> _WHAT IS REQUIRED_
Copy nothing but the lines from the one containing "Картинка лес, утро, деревья, туман, восход" through the last line of the records, repeated exactly and without pictures.

Caption-style text data:

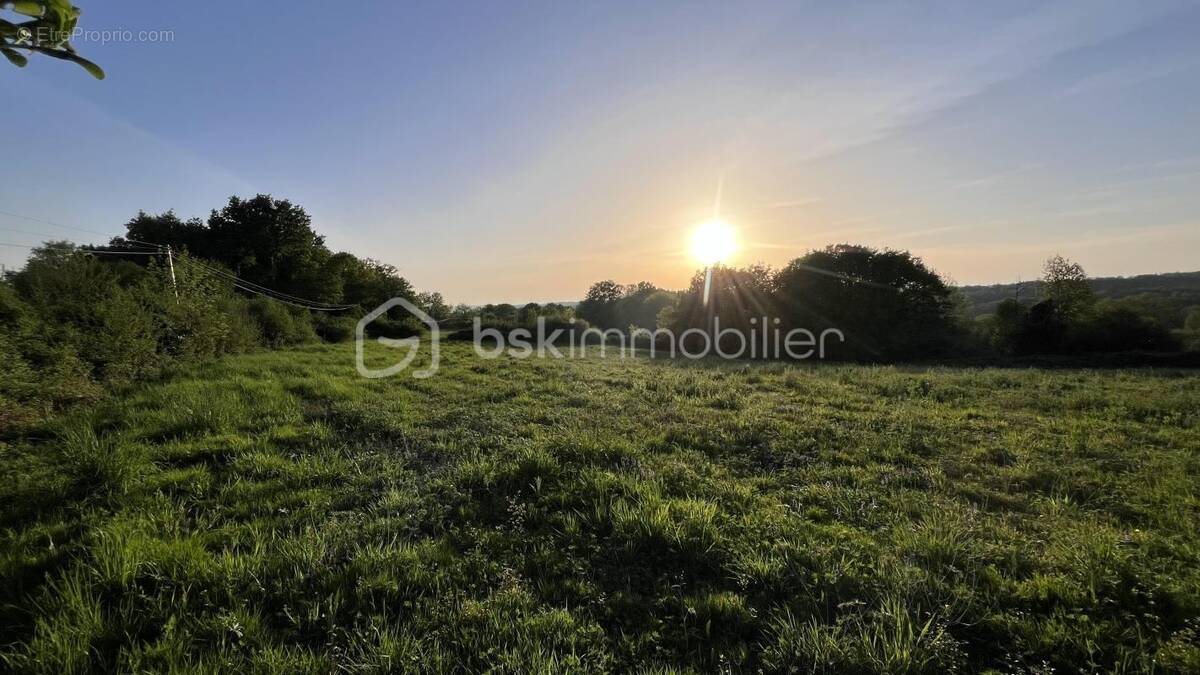 Terrain à CHATRES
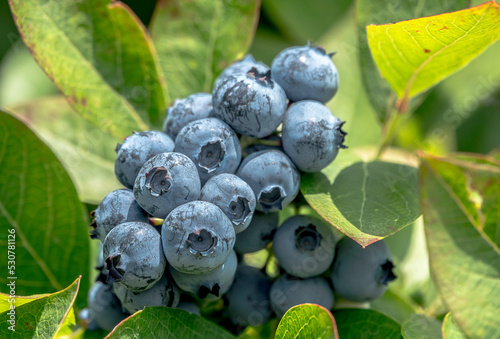 A bunch of fresh ripe blueberries ready to be picked up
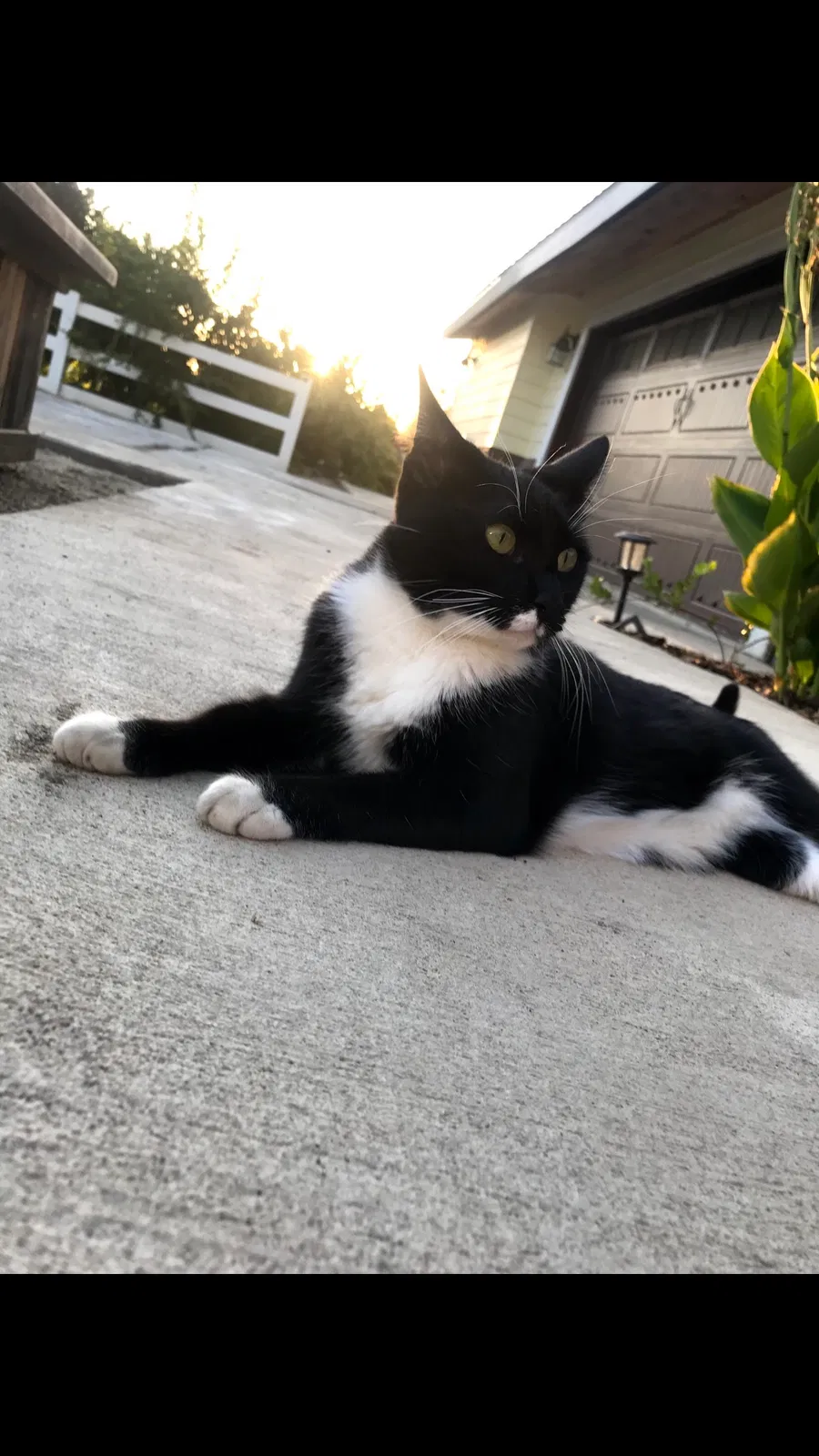 Lost cat in Merced, CA, 95340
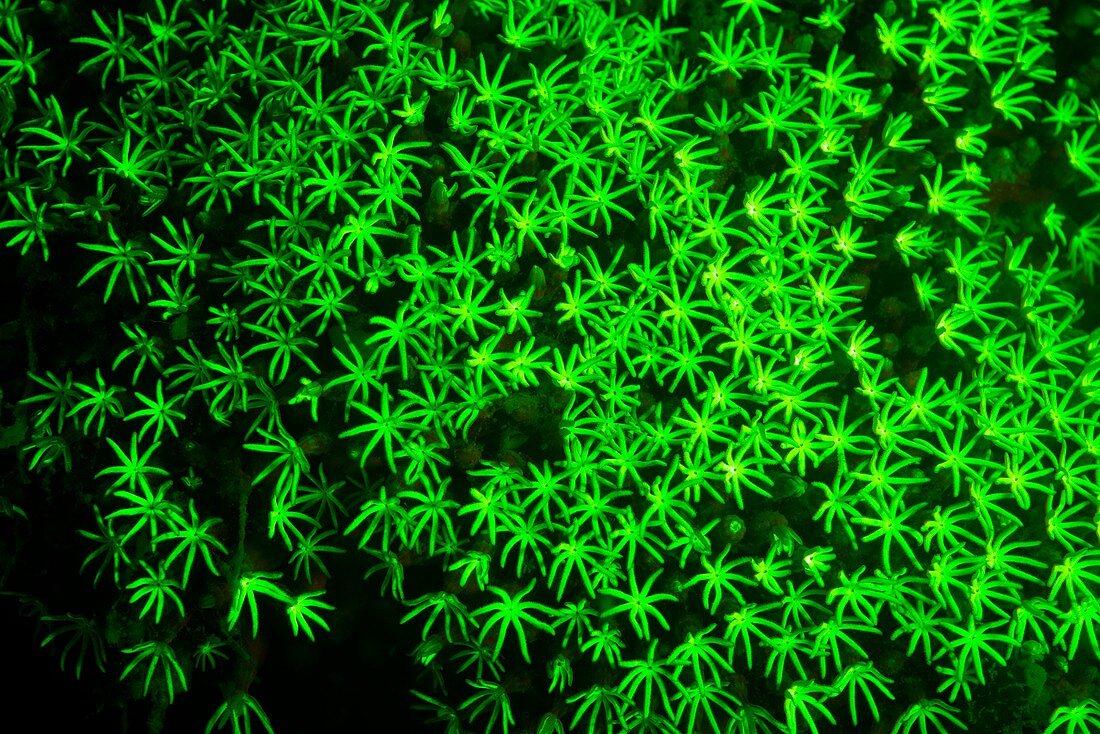 Coral fluorescing green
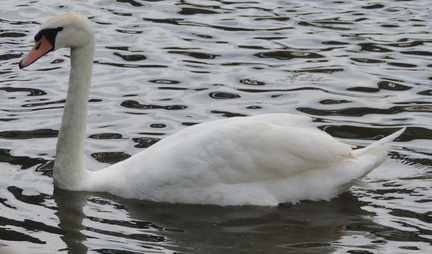 Swan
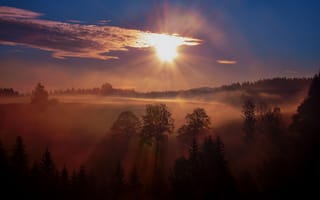 Картинка лес, утро, деревья, туман, восход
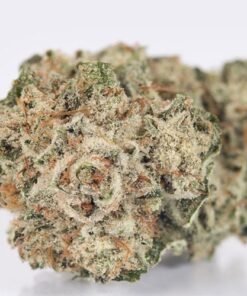 Buy Gorilla Glue Strain Istanbul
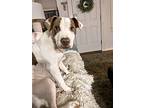 Sephora, American Pit Bull Terrier For Adoption In Norristown, Pennsylvania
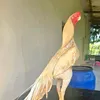 raedkakl1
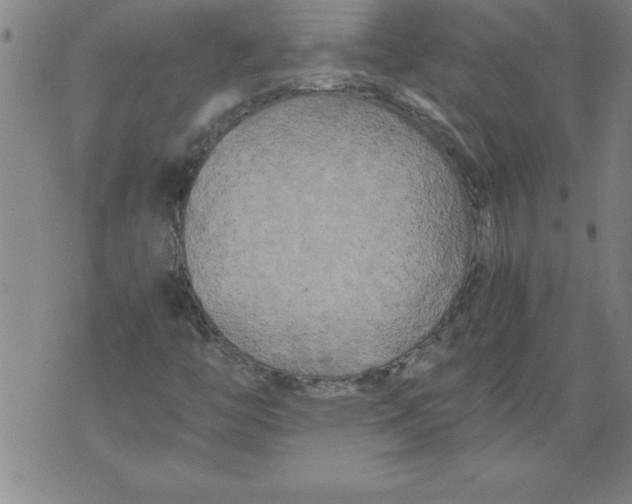 X0000076091446200610152306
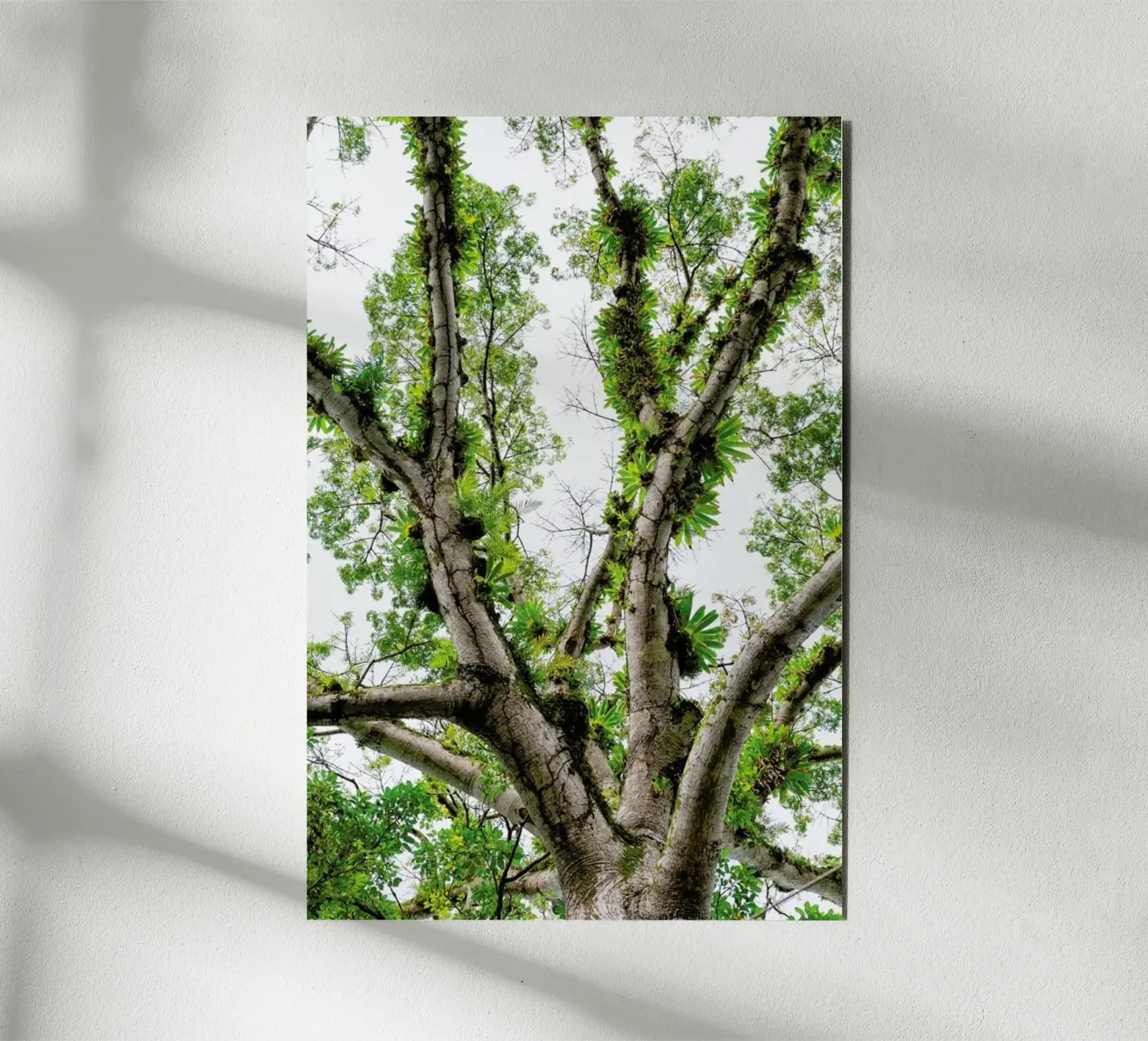 Jungle Tree pannello forex da Curious Collections by Marielle Leenders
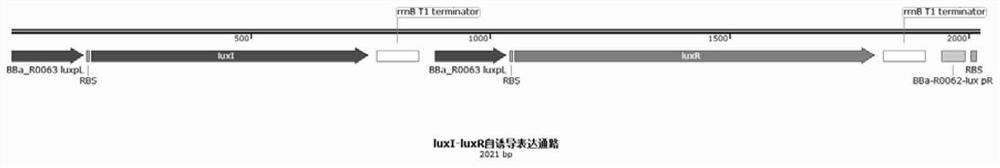 Method for synthesizing 2'-FL in escherichia coli by utilizing microbial quorum sensing and application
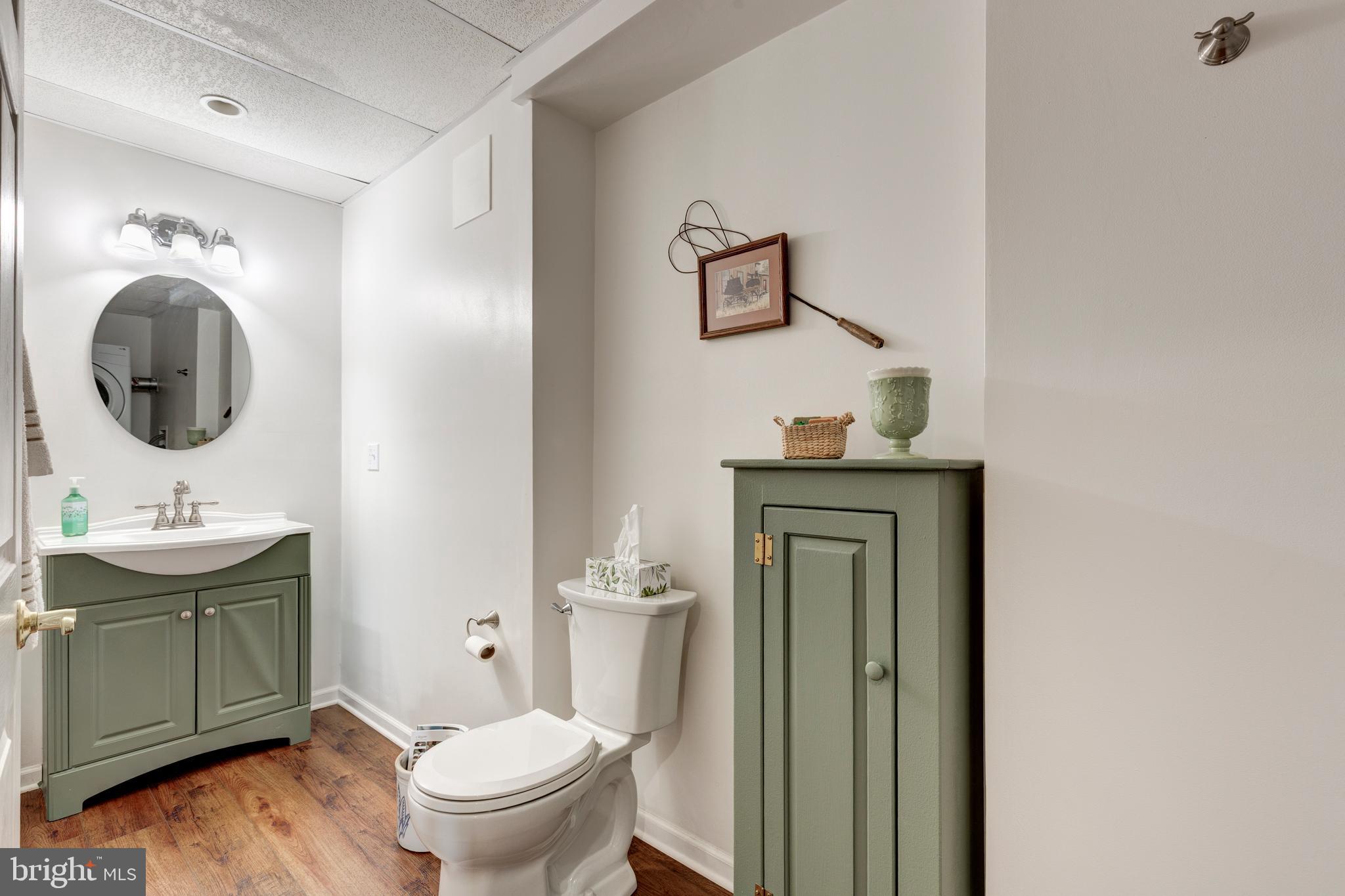 4316 Utz Road Hampstead, MD 21074 - Photo 40 of 82 a bathroom with a toilet a sink and mirror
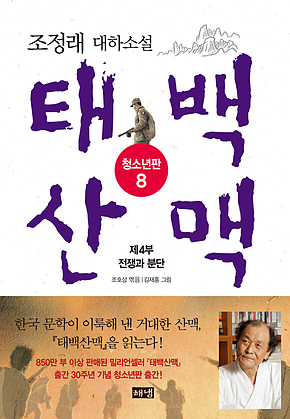 태백산맥 청소년판 8 표지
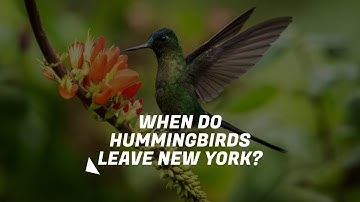 When Do Hummingbirds Leave New York? Discover All You Need To Know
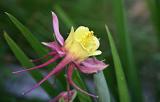 yellowflower.jpg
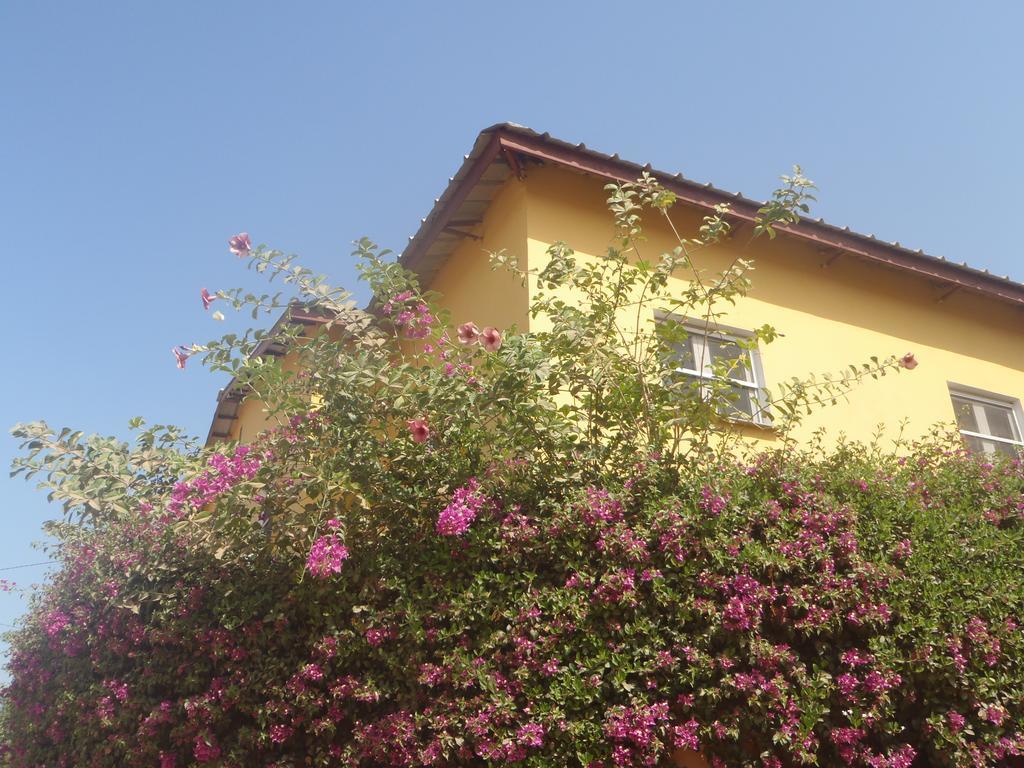 Sanchaba Yellow Apartments Kololi Dış mekan fotoğraf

> _TASK RESPONSE_
 Картинка лес, утро, деревья, туман, восход
 Buy Gorilla Glue Strain Istanbul
 Sephora, American Pit Bull Terrier For Adoption In Norristown, Pennsylvania
 raedkakl1
 X0000076091446200610152306
 Jungle Tree pannello forex da Curious Collections by Marielle Leenders
 Method for synthesizing 2'-FL in escherichia coli by utilizing microbial quorum sensing and application
 4316 Utz Road Hampstead, MD 21074 - Photo 40 of 82 a bathroom with a toilet a sink and mirror
 태백산맥 청소년판 8 표지
 When Do Hummingbirds Leave New York? Discover All You Need To Know
 yellowflower.jpg
 Sanchaba Yellow Apartments Kololi Dış mekan fotoğraf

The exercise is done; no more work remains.